WHAT THE TASK ASKS: Everything from the line that has "Flügelgrenadier, Regiment Garde." to the last line of the listing must be repeated exactly, and nothing more; omit the pictures.

Start of RECORDS

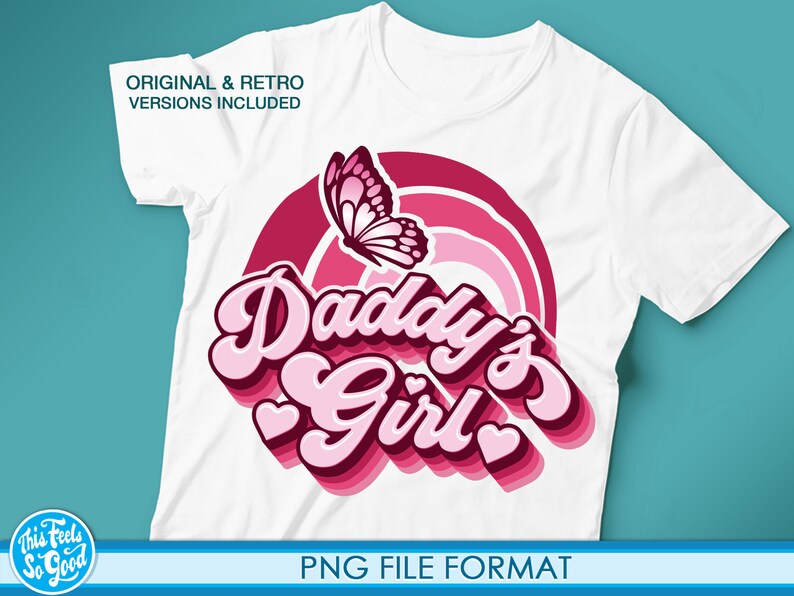 Op de afbeelding: Wit T-shirt met een roze en rood grafisch ontwerp met een vlinder en de tekst "Daddy's Girl" in een retro-lettertype.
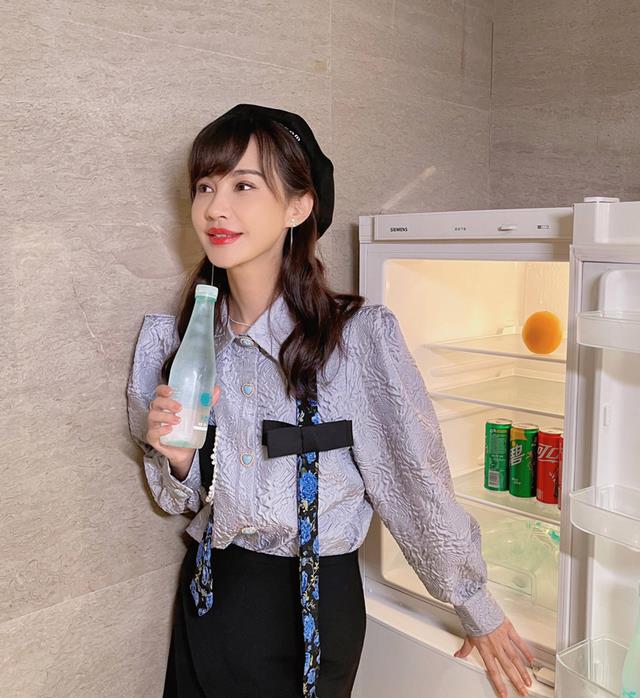 带货|女星杨雪直播带货小零食,网友留言整容失败和差评,脸色瞬间变青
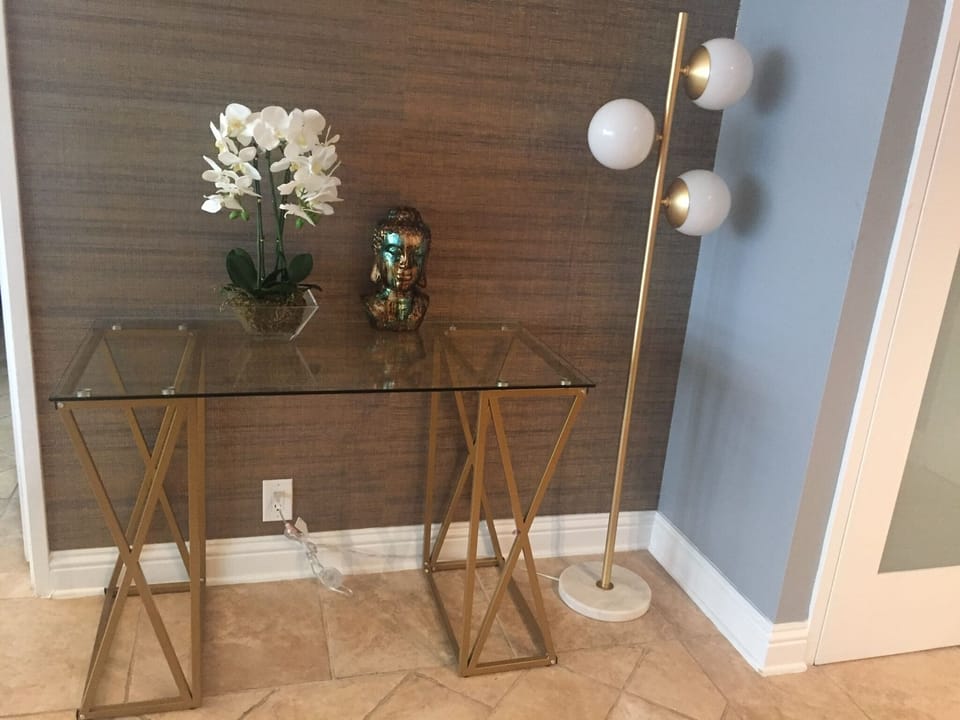 Elegant living worth gold wallpaper 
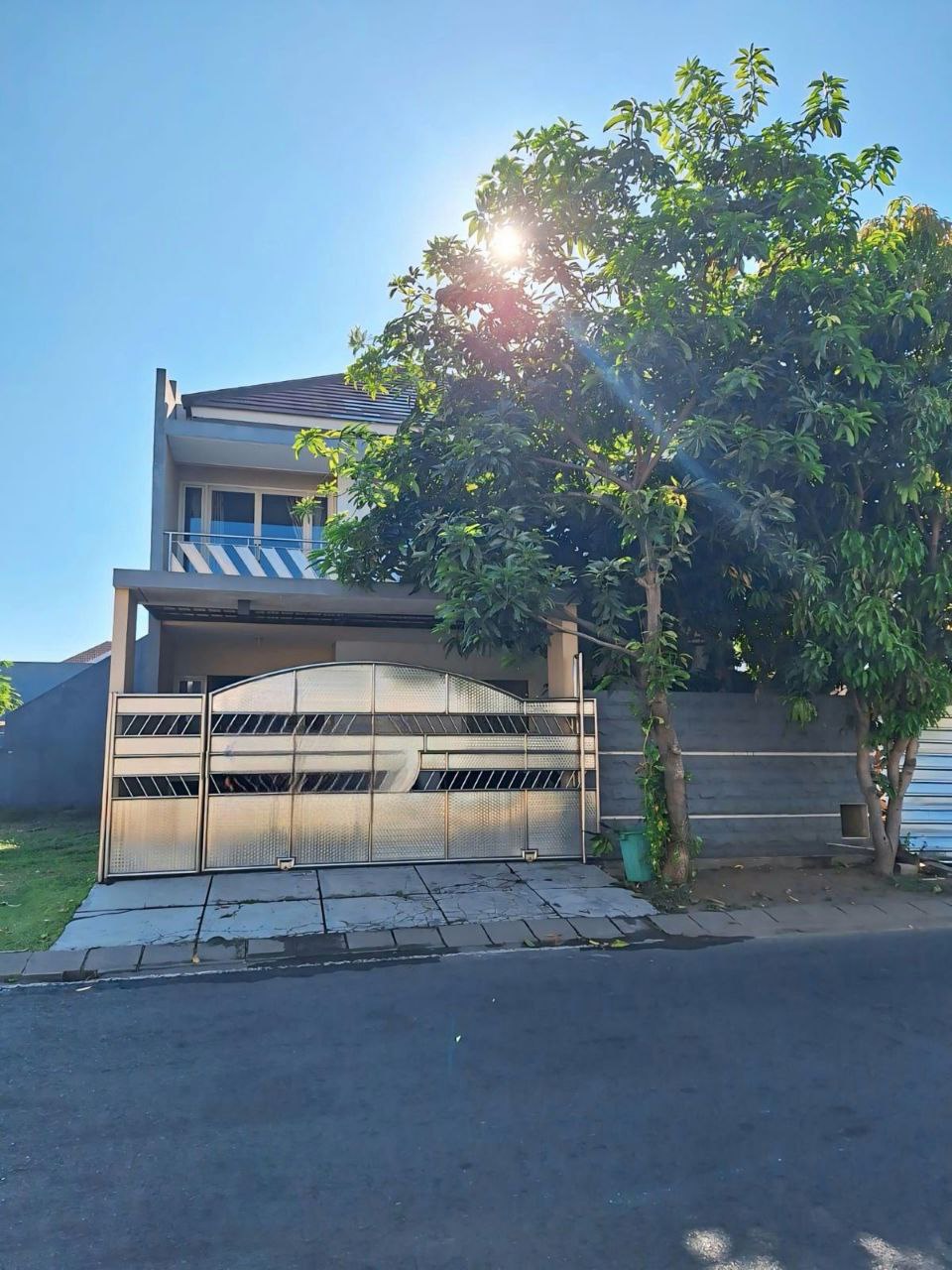 RUMAH LOKASI BAGUS JALAN UTAMA PERUM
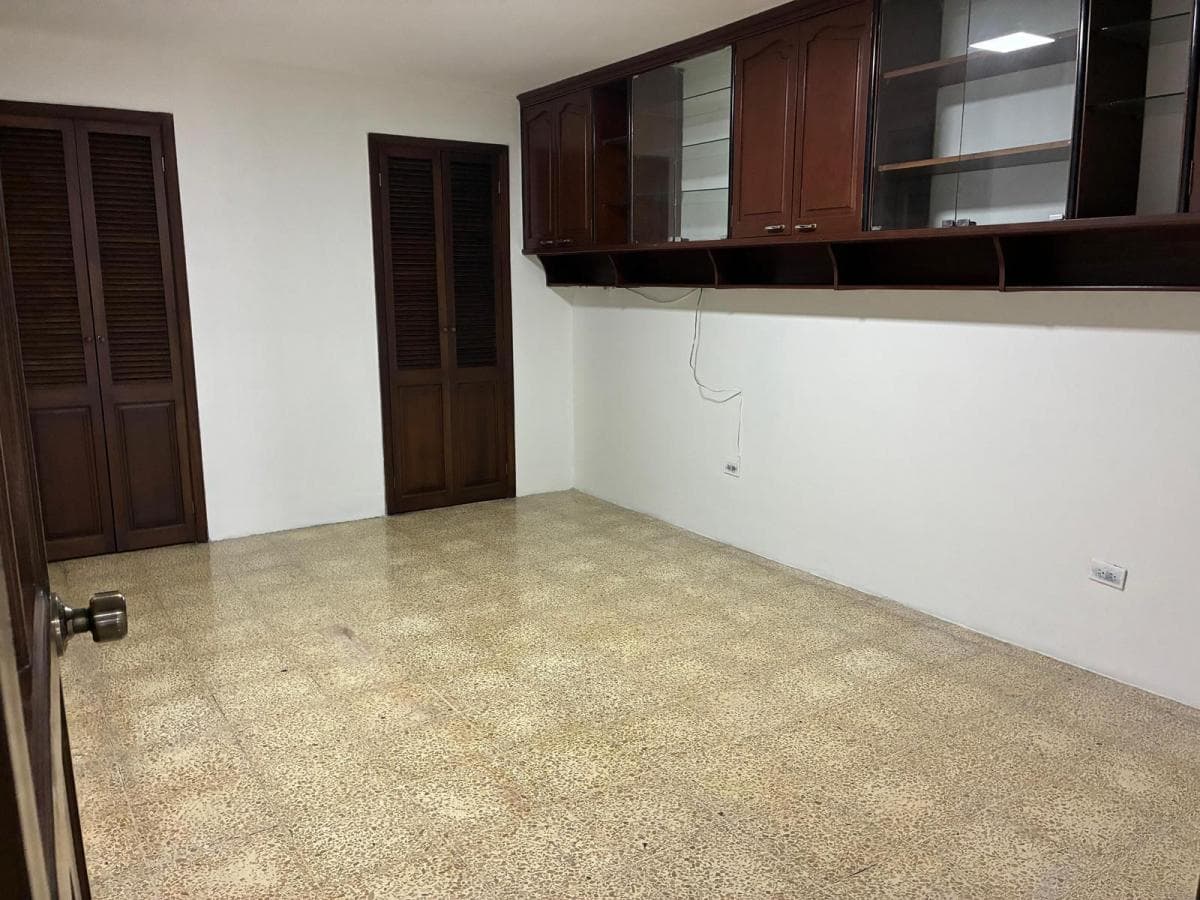 Departamento en Venta en Chimborazo y Colombia, Guayas — imagen 3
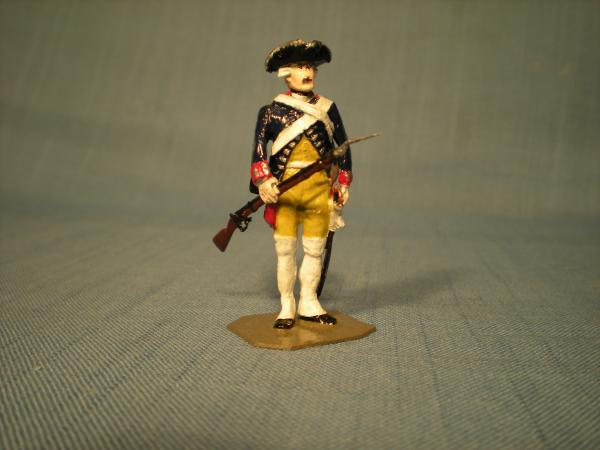 Flügelgrenadier, Regiment Garde.  This is another Puchala casting, which I unfortunately damaged in cleaning, by scraping away the bridge of his nose.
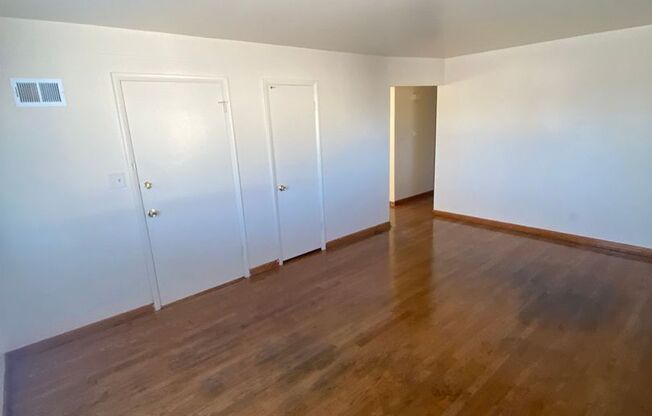 5721 N. 90th St.
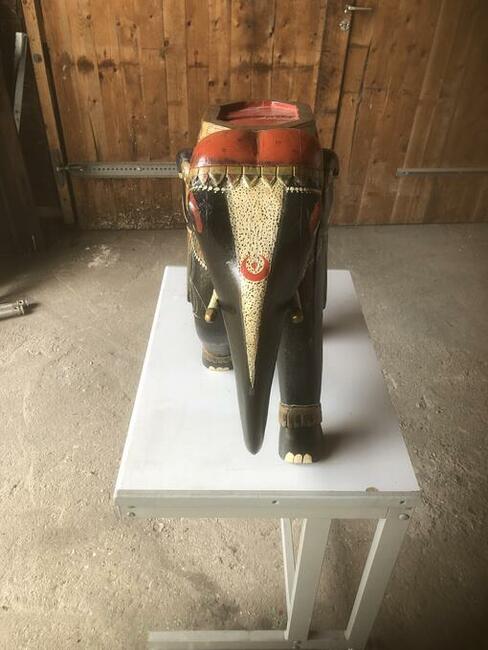 Słoń hinduski z drewna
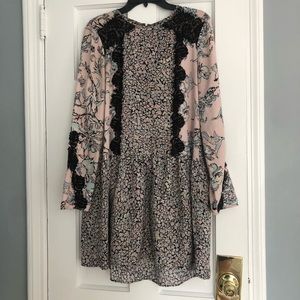 size medium fall/winter flowy dress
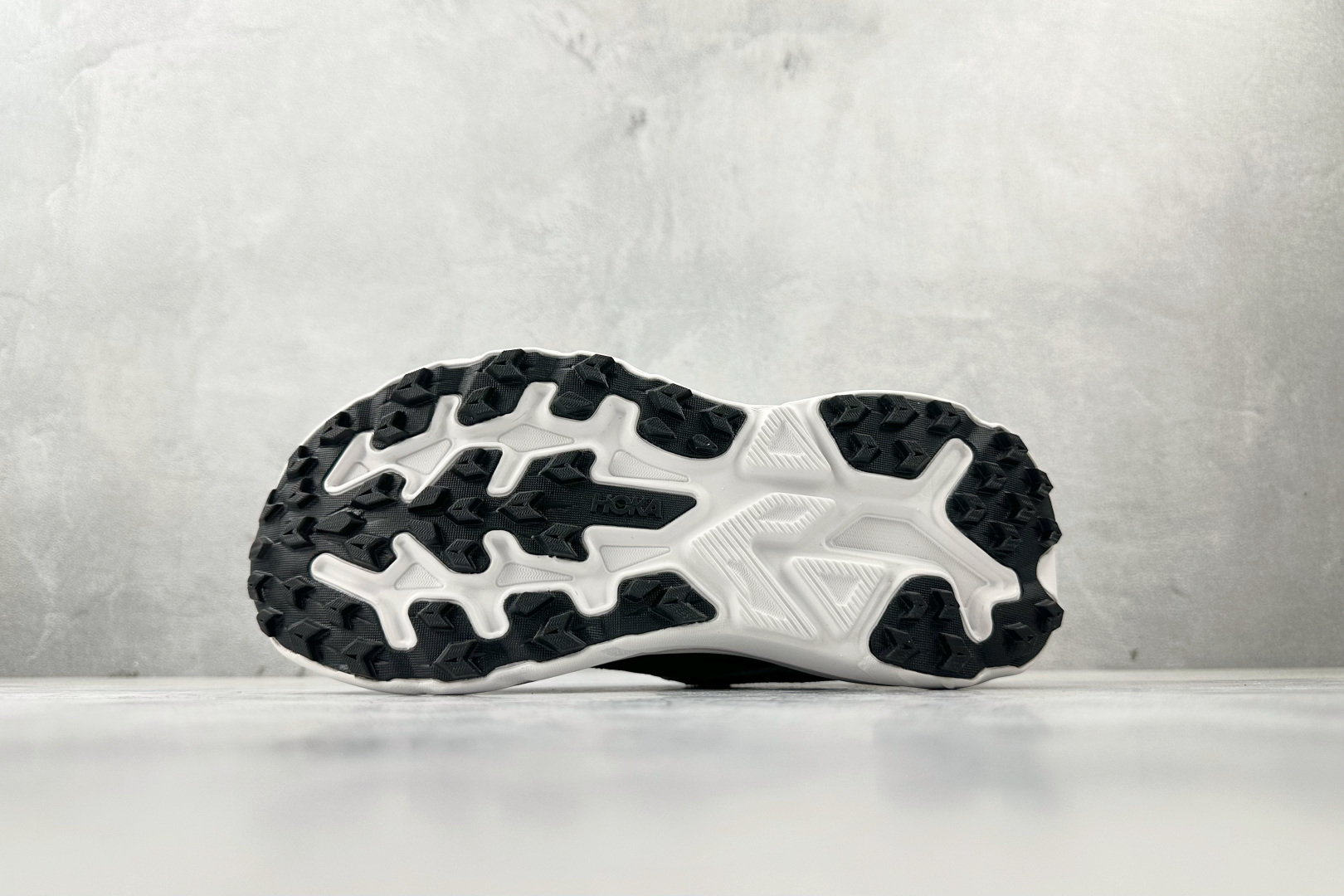 190 平台专供 HOKA ONE ONE Challenger 8 黑白 1168718-BWHT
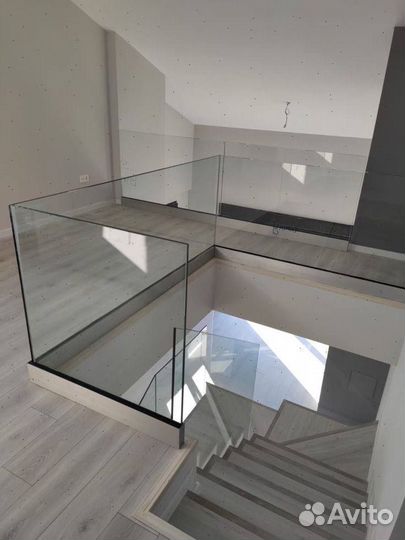 Лестничные ограждения из стекла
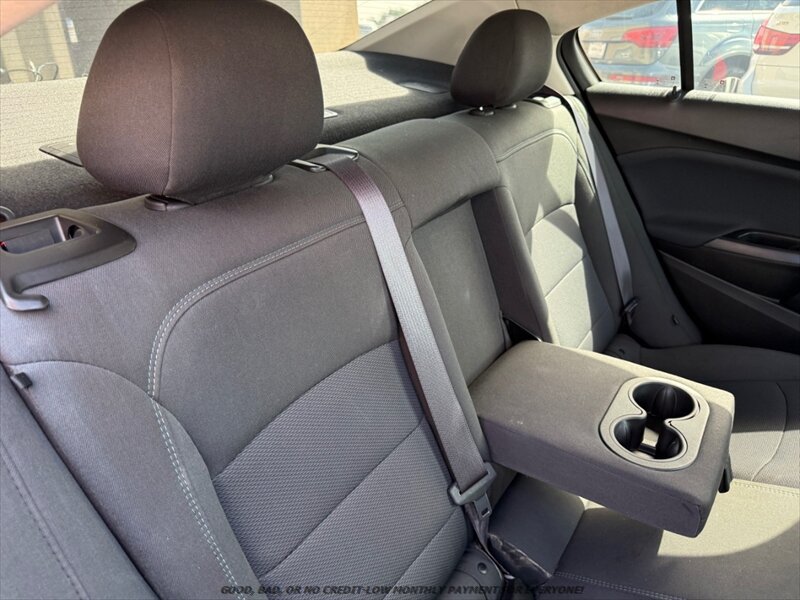 Used 2017 Chevrolet Cruze LT FWD image 16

End of RECORDS

WRITTEN RESPONSE:
 Flügelgrenadier, Regiment Garde.  This is another Puchala casting, which I unfortunately damaged in cleaning, by scraping away the bridge of his nose.
 5721 N. 90th St.
 Słoń hinduski z drewna
 size medium fall/winter flowy dress
 190 平台专供 HOKA ONE ONE Challenger 8 黑白 1168718-BWHT
 Лестничные ограждения из стекла
 Used 2017 Chevrolet Cruze LT FWD image 16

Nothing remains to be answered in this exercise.